Contextual processing has a significant role to play in acquisition and maintenance of fear extinction, where contexts can help determine the meaning of a CS that is initially paired with a UCS (i.e. fear conditioning) and then paired with safety (i.e. fear extinction) 13. In many fear conditioning paradigms, animals are first conditioned in a one context (e.g. fear context), then subjected to extinction training in a distinct context (e.g. extinction context). A number of studies have shown that animals use contextual information to determine when the CS signals fear vs. extinction (i.e. contextual occasion-setting) 109,110,217 and that the Hipp has a significant role to play in contextual occasion-setting 109,110,217. ChMS/DBB input to the Hipp could facilitate extinction memory by facilitating contextual occasion-setting, but selective removal of chMS/DBB input to the dHipp or vHipp has no effect on extinction memory 214. The RSC is a contextual/spatial system that receives chMS/DBB input, but the role of the RSC in contextual occasion-setting has not been sufficiently explored 137. To determine how chMS/DBB neurons facilitate extinction memory, future studies examining the role of chMS/DBB input to the RSC in fear extinction (e.g. acquisition, maintenance, contextual occasion-setting) is needed.

4. Involvement of cholinergic systems in neuroinflammation and PTSD

4.1. Neuroinflammation and PTSD

Inflammation is a normal physiological response against disrupted homeostasis due to infection, injury, or trauma. This response consists of a complex series of immune reactions and is initiated to neutralize invading pathogens, repair injured tissues, and promote wound healing. The onset of inflammation is characterized by activation of immune cells that release pro-/anti-inflammatory mediators, and other key signaling molecules involved in the inflammatory process including tumor necrosis factor (TNF), interleukin (IL)-1, IL-4, IL-6, IL-10, interferon γ (IFN-γ), transforming growth factor β (TGF-β), adhesion molecules, vasoactive mediators, and reactive oxygen species 218220. Neuroinflammation refers to inflammatory changes that occur within the central nervous system (CNS) that primarily involves activation of resident brain immune cells such as microglia and astrocytes 221223. However, peripheral pro-inflammatory cytokines released through macrophages or other peripheral immune cells can also trigger an inflammatory response in brain tissues by crossing the blood-brain barrier 224,225.

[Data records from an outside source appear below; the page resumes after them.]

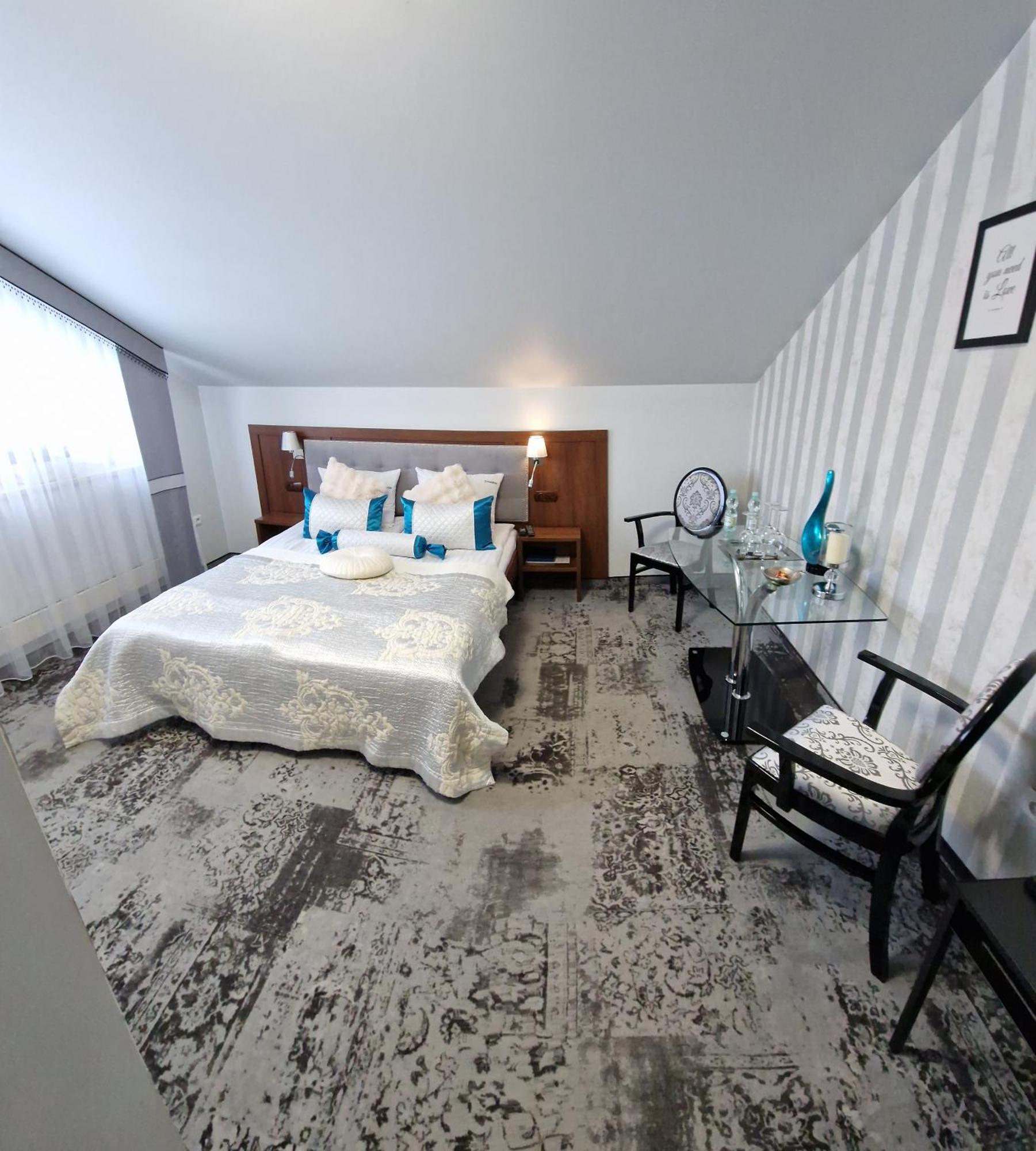 Cynamon Hotel Нови Сонч Екстериор снимка
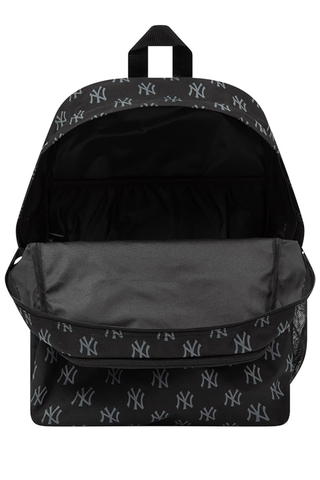 New Era New York Yankees Monogram Compartment Stadium 17L Backpack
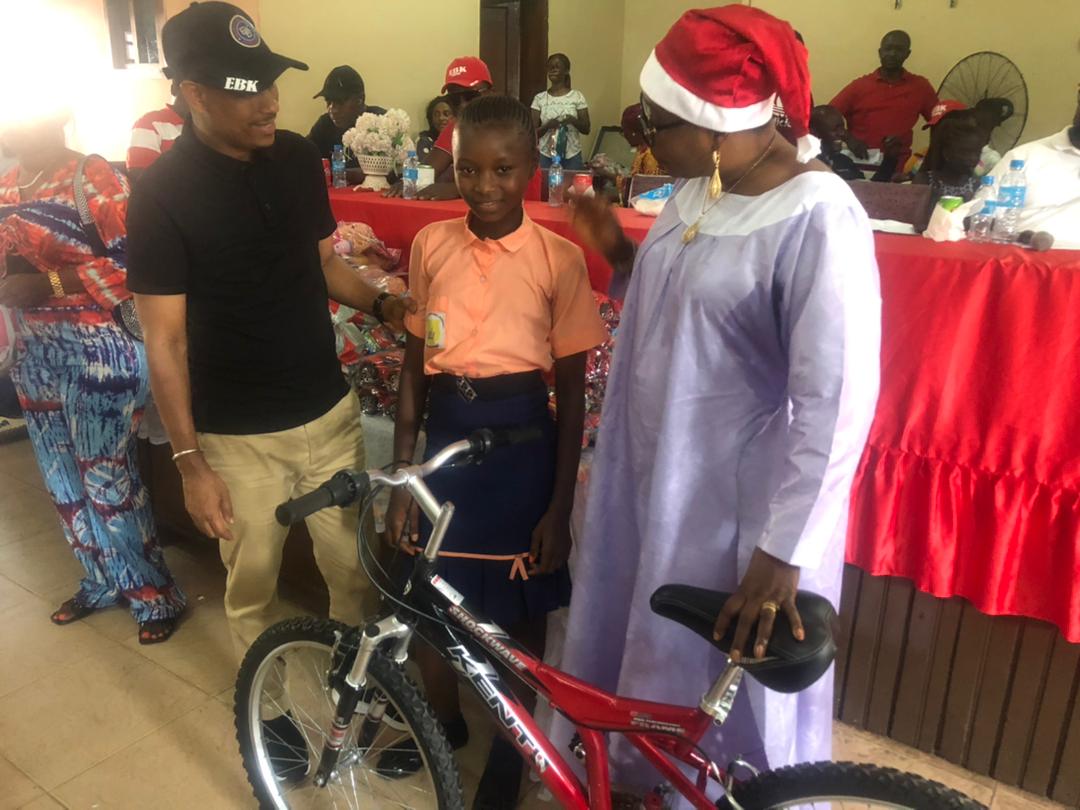 APC Hosts Christmas Party for Children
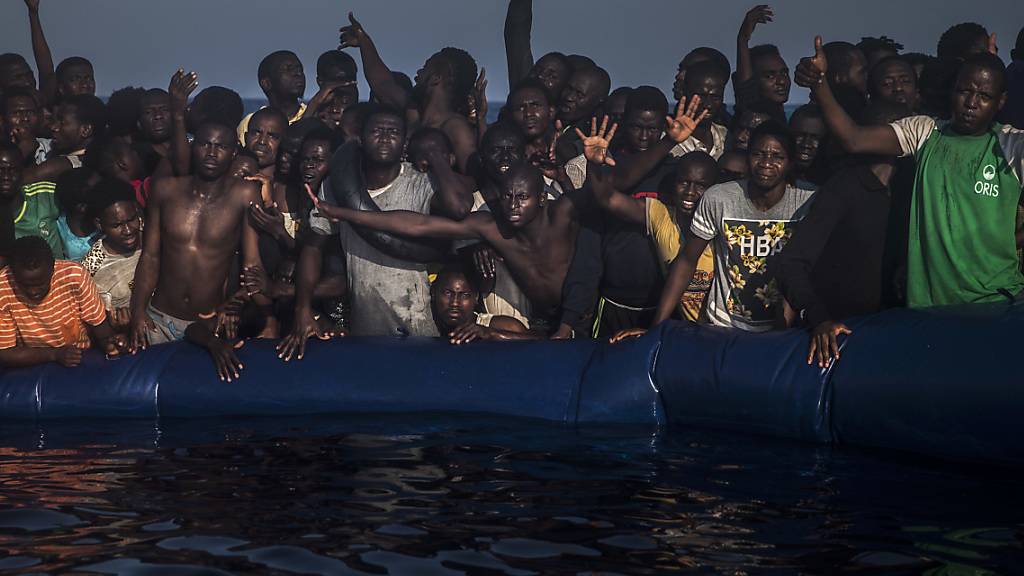 Der Angriff galt einem Flüchtlingsboot. (Symbolbild)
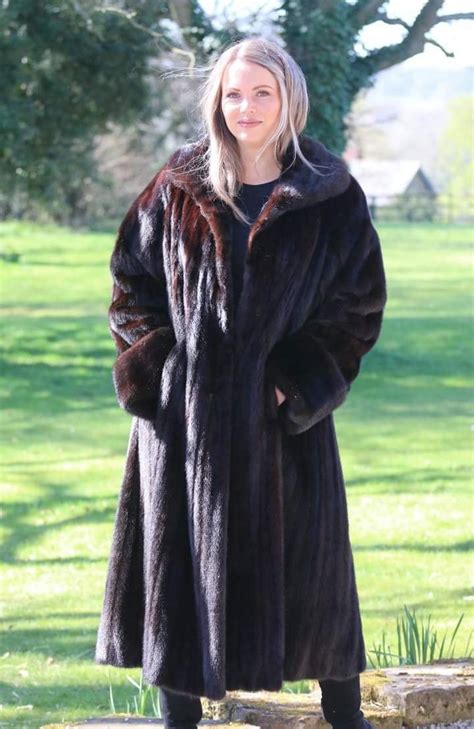 Pin By Sandra Huntington On Sally Fur Fashion Fashion Mink Fur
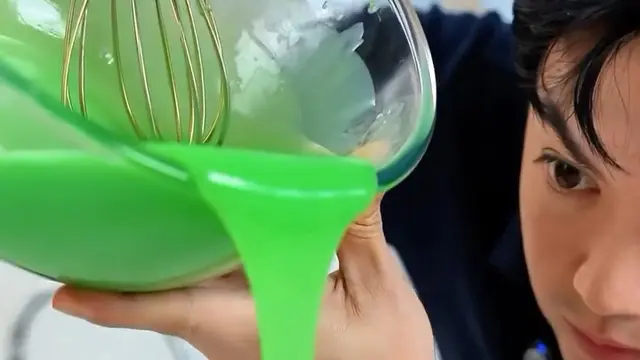 Nicky Tirta Bagikan Resep Klepon Cake yang Estetik. (instagram/nickytirta)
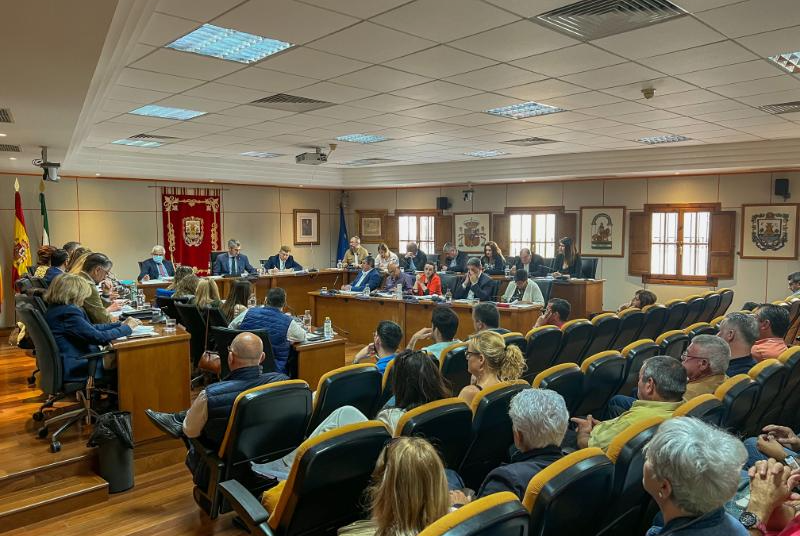 BENALMÁDENA INCORPORA SIETE NUEVAS LICENCIAS A SU SERVICIO DE TAXI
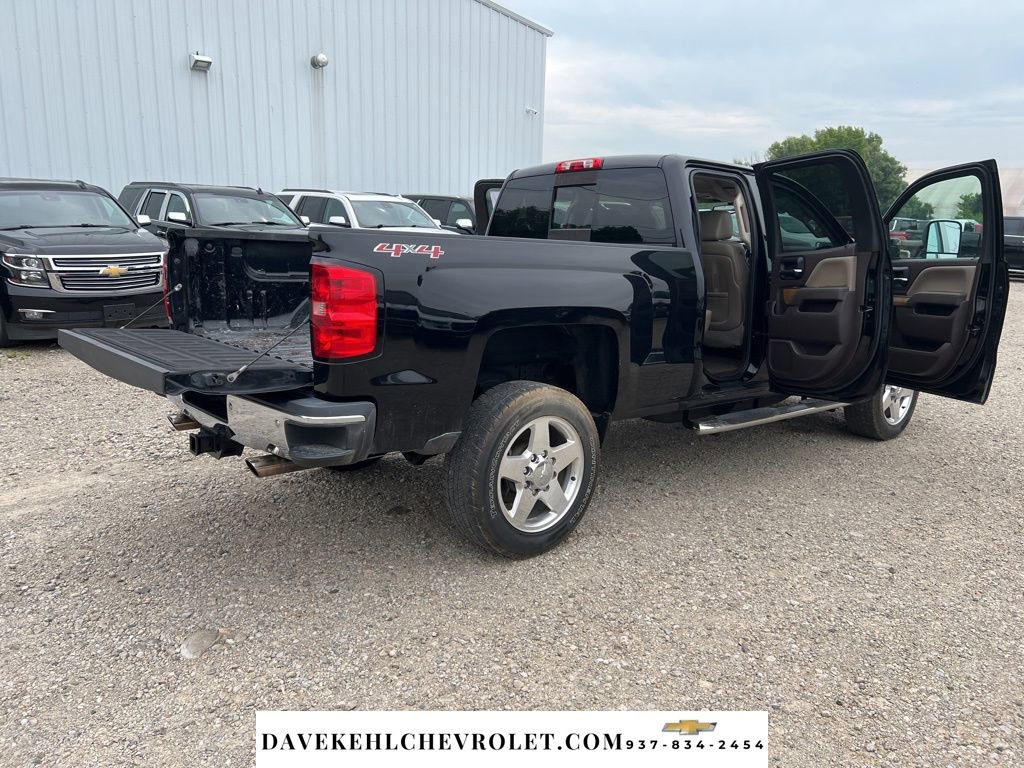 Used 2015 Chevrolet Silverado 2500 LTZ w/ LTZ Plus Package image 28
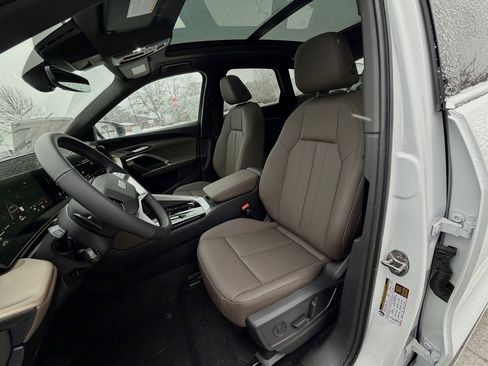 New 2025 Audi Q5 Premium image 22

Prior research suggests a possible link between neuroinflammation and PTSD 226228. Clinical studies have shown that PTSD is associated with a dysregulated immune response resulting in neuroinflammation and oxidative stress. In a prospective study involving war zone-deployed marines, pre-existing C-Reactive Protein (CRP, a biomarker of acute inflammatory response) concentrations in the plasma were directly correlated with the occurrence and severity of PTSD three months after deployment 229. Another study that recruited patients with orthopedic injuries found elevated serum levels of IL-6, IL-8, and TGF-β as compared to health control subjects 230. Post-traumatic stress symptoms (PTSS) in injured subjects assessed one month later were predicted by higher serum levels of IL-6 and IL-8 and lower levels of TGF-β. Likewise, multiple clinical studies have reported higher blood levels of pro-inflammatory biomarkers and reduced anti-inflammatory cytokines in patients with PTSD as compared to healthy controls 226,231,235.

Recent neuroimaging studies in PTSD patients demonstrated structural and functional alterations in brain circuits implicated in stress and emotion regulation. A positron emission tomography (PET) study utilizing [11C]PBR28, a PET ligand that binds to 18-kDa translocator protein (TSPO, a microglia biomarker) reported a negative association between PTSD symptoms and reduced TSPO availability in the corticolimbic circuits in patients with PTSD 236. Moreover, reduced TSPO availability and PTSD severity also correlated with higher CRP levels in the plasma of these patients suggesting that peripheral immune activation in PTSD is associated with microglia dysfunction. Another investigation employed 18F-fluorodeoxyglucose (FDG)-PET to determine the relationship between peripheral inflammatory markers and amygdala activity 237. Although the magnitude of the FDG signal in the amygdala was not associated with blood levels of pro-inflammatory cytokines, it did correlate with signal in the spleen and bone marrow. Together, these studies support a role for inflammation in driving PTSD.

An increasing body of evidence points towards a modulatory relationship between the buildup of reactive oxidative species (i.e. ROS, oxidative stress) and neuroinflammation in PTSD. Markers of oxidative stress are shown to be upregulated in PTSD patients 226,228,238241. Additionally, genetic investigations identified single nucleotide polymorphisms of several oxidative stress-linked genes that either moderate the association between PTSD and cortical thickness (ALOX 12 and ALOX 15) or regulate neuroinflammatory and psychpathological manifestations of PTSD (BDNFVal66Met and RORA) 242,243. Stress-induced neuroinflammatory changes are known to trigger microglia activation which may further facilitate oxidative stress in the brain 244246. Thus, neuroinflammation and oxidative stress may act in concert to contribute to PTSD symptomatology 247,248.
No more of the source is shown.